C'est la plus grande pierre d'achoppement de notre discipline spirituelle, qui, en réalité, consiste non pas à se débarrasser du moi, mais à bien se rendre compte qu'il n'y a pas, dès le départ, de semblable existence. Cette prise de conscience signifie être « pauvre » en esprit. « Être pauvre » ne signifie pas « devenir pauvre » ; « être pauvre » signifie n'être, dès le début, en possession de rien et non pas se démunir de ce que l'on a. Rien à gagner, rien à perdre ; rien à donner, rien à prendre ; être simplement tel quel, et pourtant être riche de possibilités inépuisables — c'est là être « pauvre » au sens le plus propre et le plus caractéristique du mot, et c'est ce que nous disent toutes les expériences religieuses. N'être absolument rien, c'est être tout. Quand on est en possession de quelque chose, ce quelque chose empêchera toutes autres choses d'entrer."

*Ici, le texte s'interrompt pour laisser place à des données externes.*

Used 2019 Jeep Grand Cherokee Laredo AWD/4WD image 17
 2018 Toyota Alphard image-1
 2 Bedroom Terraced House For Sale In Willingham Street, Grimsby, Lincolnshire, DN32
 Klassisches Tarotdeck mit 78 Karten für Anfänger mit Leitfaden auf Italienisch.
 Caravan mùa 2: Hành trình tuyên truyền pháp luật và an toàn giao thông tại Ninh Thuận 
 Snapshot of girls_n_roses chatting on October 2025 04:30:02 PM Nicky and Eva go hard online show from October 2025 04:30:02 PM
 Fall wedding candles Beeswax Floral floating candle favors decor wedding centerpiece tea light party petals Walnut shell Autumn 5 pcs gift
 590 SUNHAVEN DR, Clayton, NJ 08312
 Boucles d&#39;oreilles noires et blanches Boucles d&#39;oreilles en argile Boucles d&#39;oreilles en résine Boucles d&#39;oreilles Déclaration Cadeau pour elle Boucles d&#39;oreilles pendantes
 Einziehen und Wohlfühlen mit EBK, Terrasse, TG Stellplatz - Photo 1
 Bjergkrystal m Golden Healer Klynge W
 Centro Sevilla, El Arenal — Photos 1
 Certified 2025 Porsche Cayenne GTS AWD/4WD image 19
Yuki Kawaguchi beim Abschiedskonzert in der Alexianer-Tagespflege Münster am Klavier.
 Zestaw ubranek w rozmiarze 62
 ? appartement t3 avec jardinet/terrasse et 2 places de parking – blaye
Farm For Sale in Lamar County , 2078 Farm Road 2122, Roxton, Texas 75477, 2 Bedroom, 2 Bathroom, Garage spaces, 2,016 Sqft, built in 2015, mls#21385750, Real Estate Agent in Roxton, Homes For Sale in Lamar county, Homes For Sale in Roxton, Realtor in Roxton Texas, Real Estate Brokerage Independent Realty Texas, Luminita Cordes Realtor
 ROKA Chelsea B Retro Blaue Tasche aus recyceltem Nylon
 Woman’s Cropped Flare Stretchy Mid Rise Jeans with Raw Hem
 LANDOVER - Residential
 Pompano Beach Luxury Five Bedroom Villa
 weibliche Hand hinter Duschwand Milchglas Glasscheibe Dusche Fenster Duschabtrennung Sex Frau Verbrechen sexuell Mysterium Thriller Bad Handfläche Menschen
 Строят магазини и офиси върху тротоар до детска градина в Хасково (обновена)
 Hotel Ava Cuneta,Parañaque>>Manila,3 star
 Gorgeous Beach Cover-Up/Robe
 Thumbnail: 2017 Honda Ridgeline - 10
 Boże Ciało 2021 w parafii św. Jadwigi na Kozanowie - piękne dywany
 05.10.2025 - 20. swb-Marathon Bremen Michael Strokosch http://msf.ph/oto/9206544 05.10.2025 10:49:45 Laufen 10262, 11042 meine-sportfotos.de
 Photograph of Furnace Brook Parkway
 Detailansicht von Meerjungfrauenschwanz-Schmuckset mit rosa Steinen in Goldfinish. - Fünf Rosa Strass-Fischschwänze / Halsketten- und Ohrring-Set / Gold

Le vrai don n'est pas le don de quelqu'un, mais un jaillissement de la vacuité.
"Le don authentique consiste à ne nourrir aucunement la pensée que quelque chose sort de vos mains pour être reçu par quelqu'un d'autre ; c'est-à-dire que dans le don il ne doit y avoir aucune pensée d'une personne qui donne ou d'une personne qui reçoit, non plus de quelque chose qui fait l'objet de cette opération."
Comme exemple d'amour et d'innocence, Suzuki raconte cette histoire, si touchante je trouve :
"Je me rappelle qu'il y a quelques années, lisant des histoires de pieux bouddhistes, je tombai sur celle de certain fermier. Un soir, il entendit du bruit dans le jardin. Il remarqua un jeune homme du village en train de voler ses fruits dans le haut d'un arbre. Il alla en catimini chercher une échelle, qu'il plaça sous l'arbre afin que l'intrus pût redescendre en toute sécurité. Il partit se recoucher sans avoir été remarqué. Le cœur de ce fermier, vide de toute idée de soi ou de possession, ne pouvait songer à rien d'autre qu'au danger qui aurait pu menacer le jeune délinquant du village."
source "Connaissance et innocence" de Suzuki dans Zen, Tao et Nirvana, de Thomas Merton.